注文の処理をして、宅買の日時を打ち合わせ、公費注文の書類を作って、M書房から「日本の古本屋」のクレジット決済についての役にも立たない情報をもらい、野球中継を見ながらコタツで寝てしまう。ビール一本を空にできなかった。
5/5(火) 発送を済ませ、高速に乗ろうとすると、ラジオの道路情報が「上り線八幡から40キロの渋滞」などと、とんでもないことを言っている。ゴールデンウィークUターンラッシュということらしい。高速渋滞をパスしてやろうと3号線を走るけれども、こちらも北九州市内でほとんど停まってしまうほどのノロノロ渋滞。インター入り口も車列がギュウギュウ詰め。門司でも乗れず、10年ぶりに関門トンネル(軽・100円)を通って、下関でも乗れず、小月でようやく。
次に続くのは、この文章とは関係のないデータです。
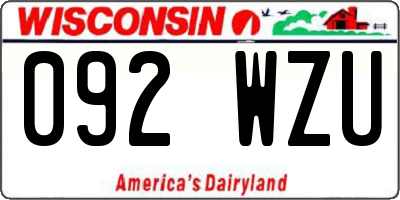 WI license plate 092WZU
結局、いつもは4時間の行程を7時間。着いたのは通夜開始寸前。自分がこんなに素早くネクタイを締められるなんて、夢にも思わなかった。
日付も変わった深夜弔問客あり、故人と近しい人ではあるらしいが、延々と話が続き、寝るわけにもいかず、心底疲れる。
5/6(水) やっと葬儀。今時珍しいであろう自宅葬。
一昨年、広すぎる敷地に大きすぎる家を建てたのはこのためだったのか。四十人以上が一度に食事する「おとき」も、百人以上の参列者もなんとかこなせた。
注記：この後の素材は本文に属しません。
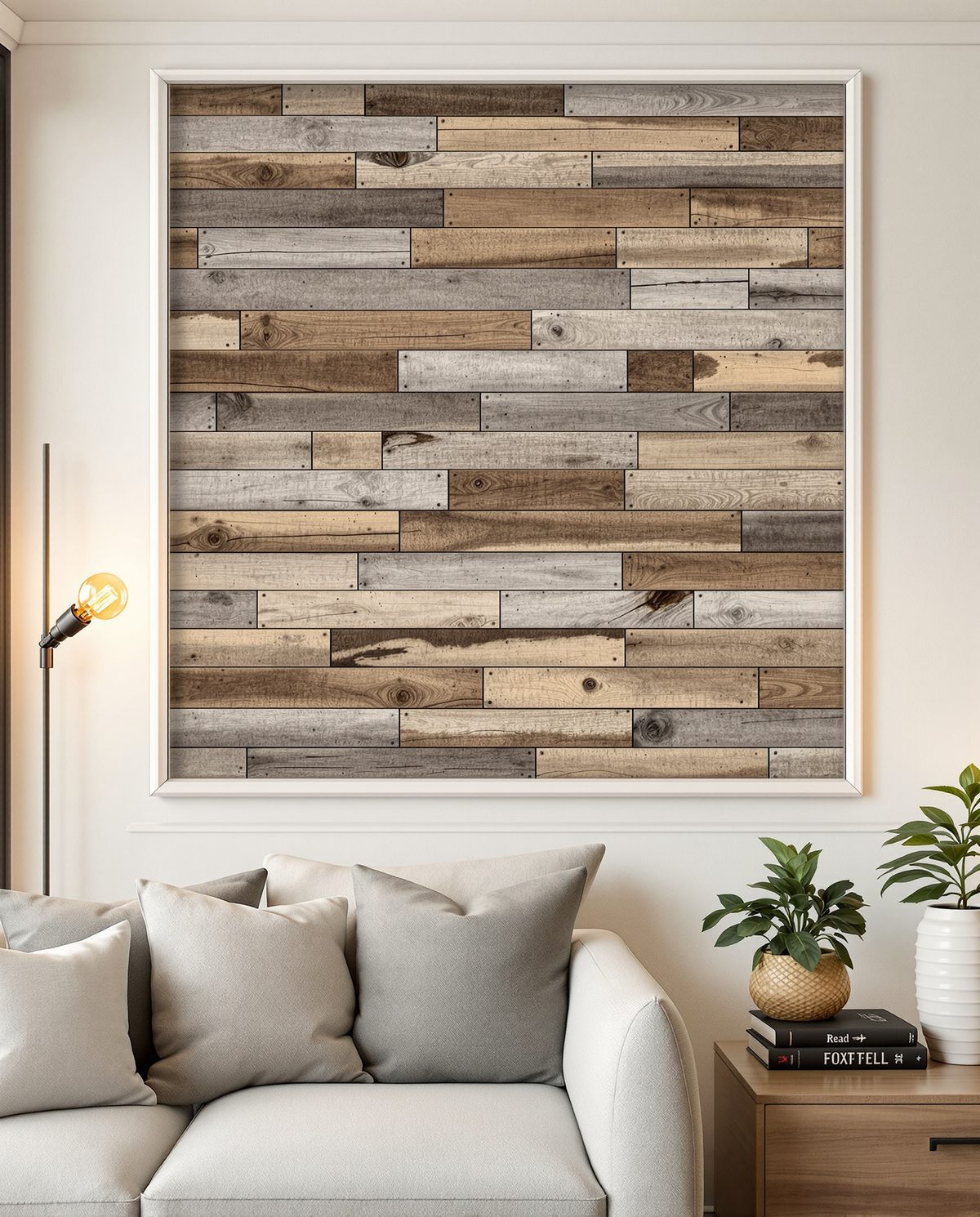Reclaimed Plank Wood Wall Panel — Warm White Wall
葬儀後のおばさんたちの話題の的は、助手のような役回りで太鼓を叩いていた若いお坊さん。これが、コミック「ファンシイダンス」から抜け出したような、現実離れしたお坊さんなのだ。すらりと背が高く、顔もすっきり、あんなかっこいいお坊さんは初めて見た。娘に「あのお兄さん、もう少し歳とって、少し太ったら、なかなか立派なお坊さんになりそうだね」と言ったら「イヤだ。絶対に太ったらダメだ」厳しく反論されてしまう。いやしかし、ちょっと見る角度が違っているような。
火葬場にまで来る人数があまりにも多いので驚く。バスまるまる一台分、三十人はいるだろうか。私の田舎では家族と、本当に近しい数人だけなんだけれど。
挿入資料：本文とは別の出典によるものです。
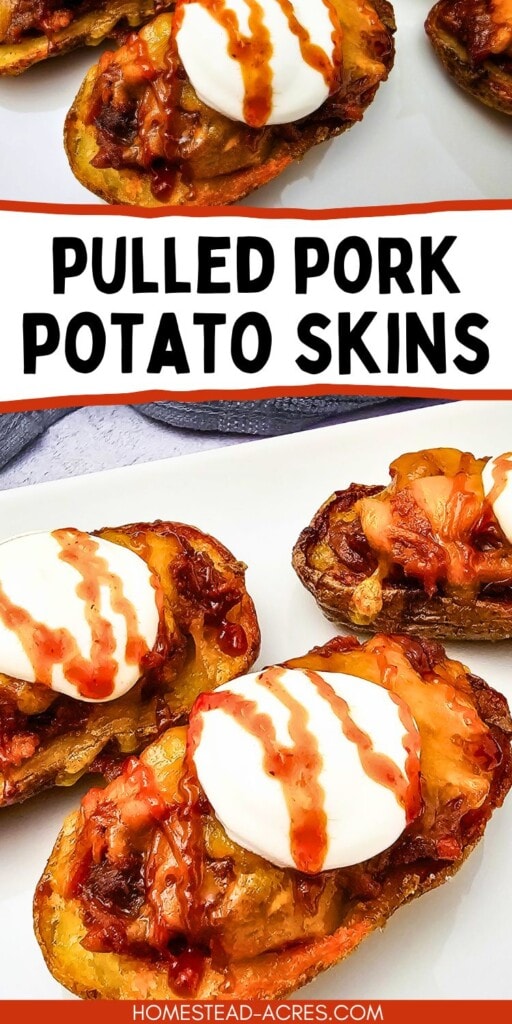 A collage of baked potatoes filled with pulled pork and cheese on a serving tray. The text overlay says Pulled Pork Potato Skins.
押し合いへし合いのお骨上げの後、またバスでお寺へ行き、初七日も済ませる。不謹慎ながらちょっとしたバスツァー気分。
カミサンを残して、娘と帰る。たった一人の貴重な孫娘は、四日間こき使われて疲れ果て、車では眠りっぱなし。
四日間で高速利用四回。毎回通常料金を払ったけれど、どうにも納得がいかない。これは思想信条による差別ではないのか。ETCなど信用しない持たない自由だってあるはずだ。憲法違反だぞ?